◆ **The task**
Leave out every picture and set down, exactly, the lines below from the one holding "PACKGILO 2 Pack" up to and including the one holding "Blue Denim Tencel Bubble Hem Bomber Jacket".

◆ **Material provided**
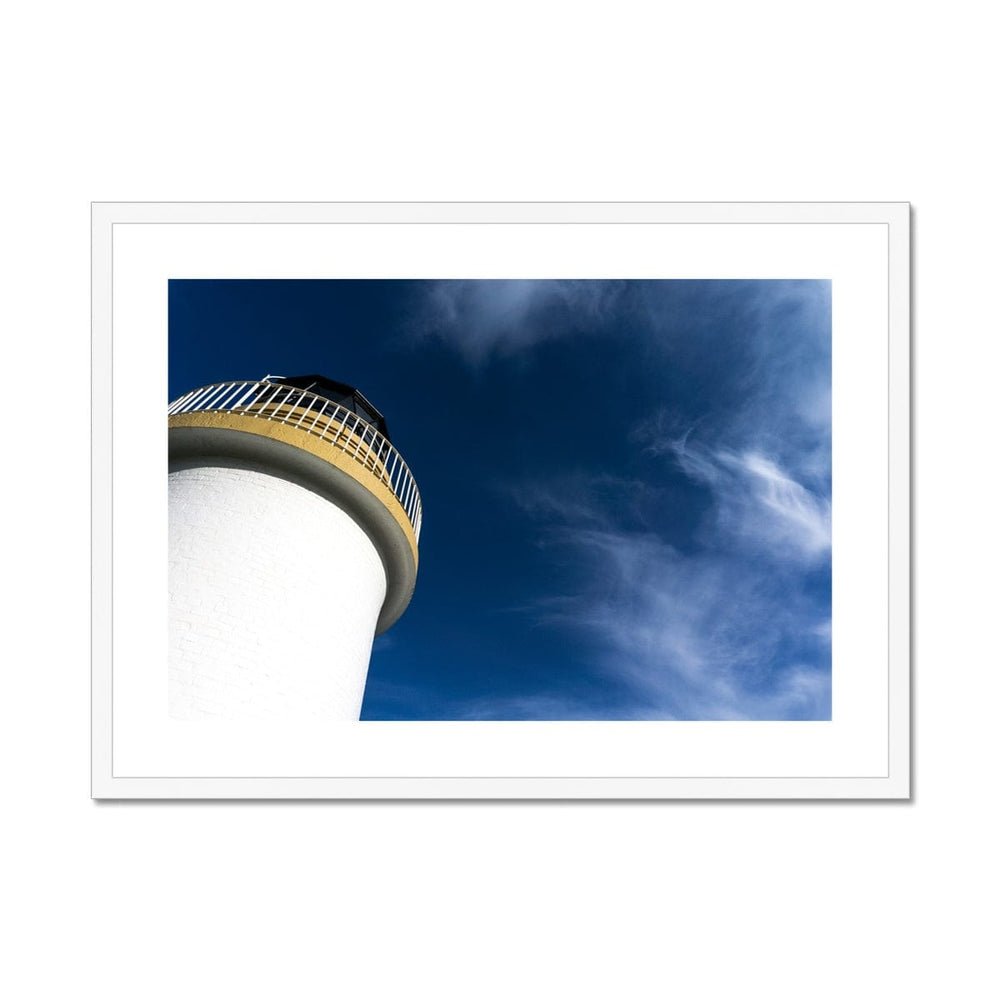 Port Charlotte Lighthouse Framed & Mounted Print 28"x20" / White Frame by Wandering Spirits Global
==
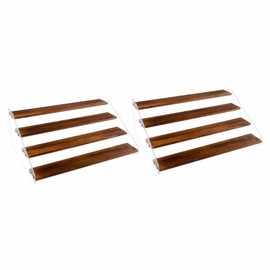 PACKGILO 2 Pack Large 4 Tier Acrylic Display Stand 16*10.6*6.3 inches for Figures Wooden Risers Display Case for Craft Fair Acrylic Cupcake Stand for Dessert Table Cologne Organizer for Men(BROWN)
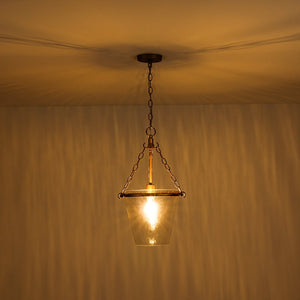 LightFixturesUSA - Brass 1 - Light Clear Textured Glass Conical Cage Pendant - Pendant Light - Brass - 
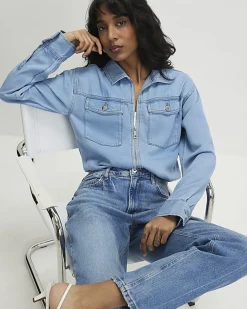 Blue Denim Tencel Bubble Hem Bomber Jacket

◆ **Result of the task**
 PACKGILO 2 Pack Large 4 Tier Acrylic Display Stand 16*10.6*6.3 inches for Figures Wooden Risers Display Case for Craft Fair Acrylic Cupcake Stand for Dessert Table Cologne Organizer for Men(BROWN)
 LightFixturesUSA - Brass 1 - Light Clear Textured Glass Conical Cage Pendant - Pendant Light - Brass - 
 Blue Denim Tencel Bubble Hem Bomber Jacket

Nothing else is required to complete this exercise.